_Problem details_
For each record below, retype the text exactly and omit any image.

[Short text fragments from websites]
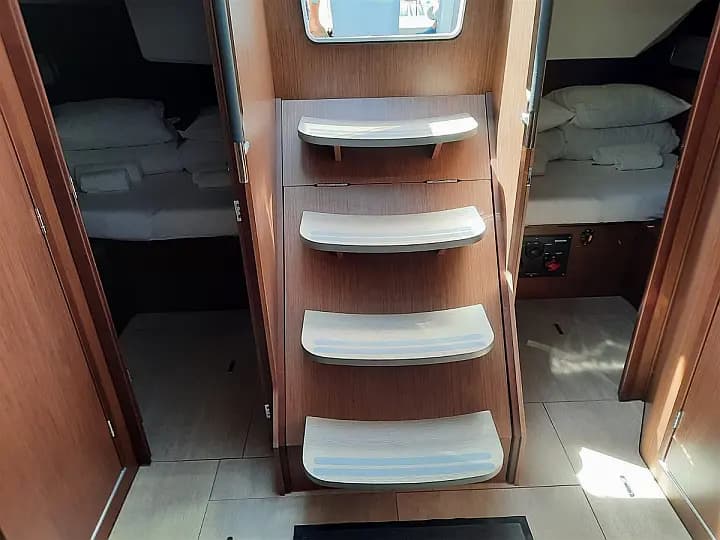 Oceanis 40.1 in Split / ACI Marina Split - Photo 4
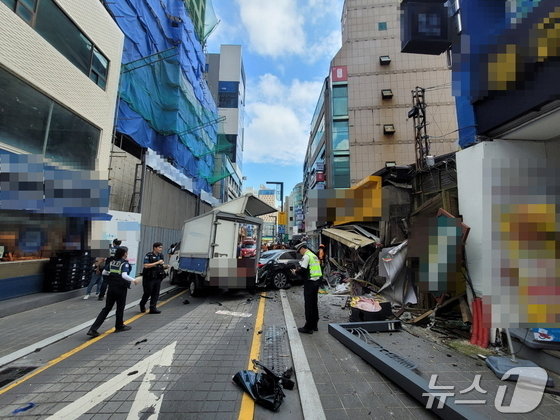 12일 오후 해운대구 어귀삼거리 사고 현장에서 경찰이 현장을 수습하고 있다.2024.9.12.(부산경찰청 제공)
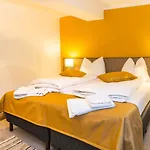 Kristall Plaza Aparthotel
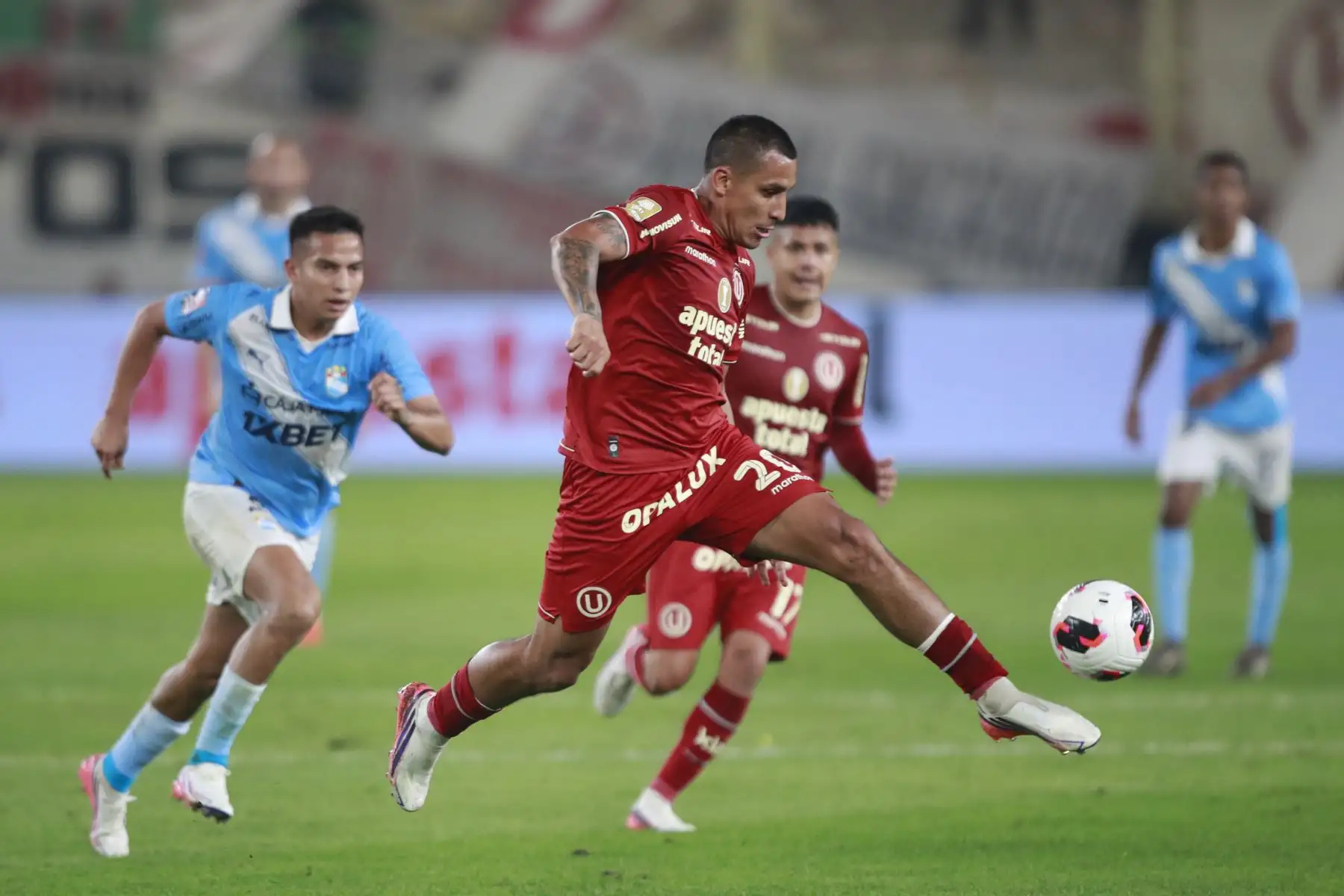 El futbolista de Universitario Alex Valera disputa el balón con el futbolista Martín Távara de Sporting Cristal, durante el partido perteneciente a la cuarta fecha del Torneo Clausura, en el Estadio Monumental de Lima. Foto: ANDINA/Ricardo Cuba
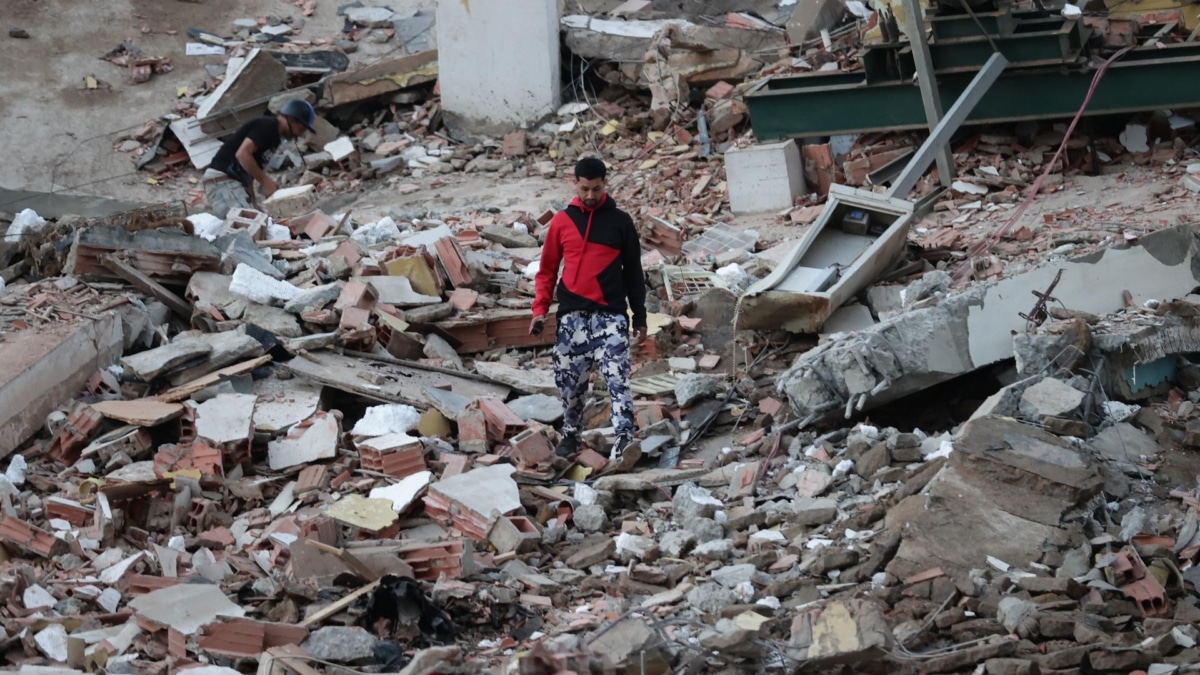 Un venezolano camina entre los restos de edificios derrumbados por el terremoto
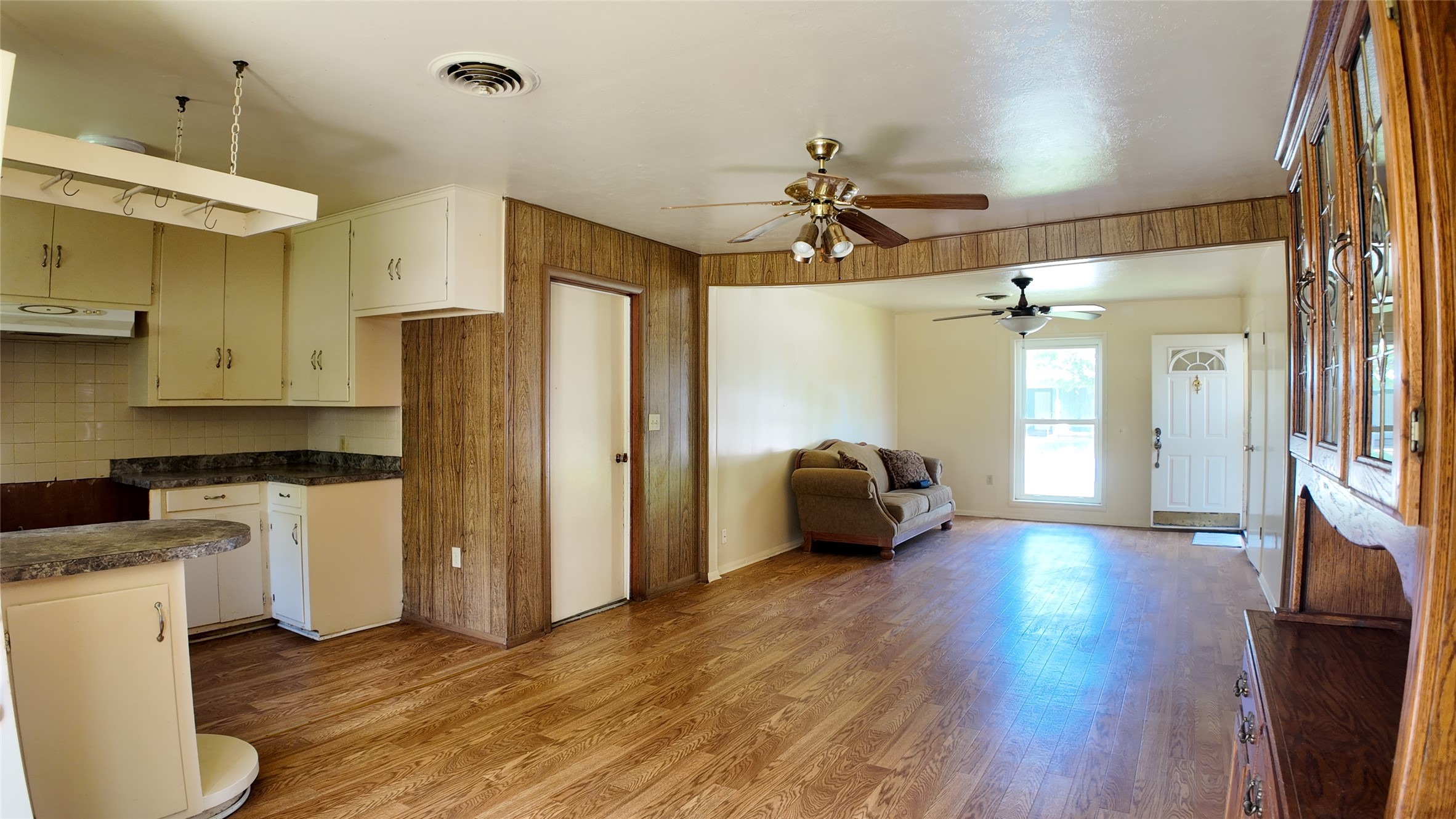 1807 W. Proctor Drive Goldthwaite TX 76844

_Answer for this exercise_
 Oceanis 40.1 in Split / ACI Marina Split - Photo 4
 12일 오후 해운대구 어귀삼거리 사고 현장에서 경찰이 현장을 수습하고 있다.2024.9.12.(부산경찰청 제공)
 Kristall Plaza Aparthotel
 El futbolista de Universitario Alex Valera disputa el balón con el futbolista Martín Távara de Sporting Cristal, durante el partido perteneciente a la cuarta fecha del Torneo Clausura, en el Estadio Monumental de Lima. Foto: ANDINA/Ricardo Cuba
 Un venezolano camina entre los restos de edificios derrumbados por el terremoto
 1807 W. Proctor Drive Goldthwaite TX 76844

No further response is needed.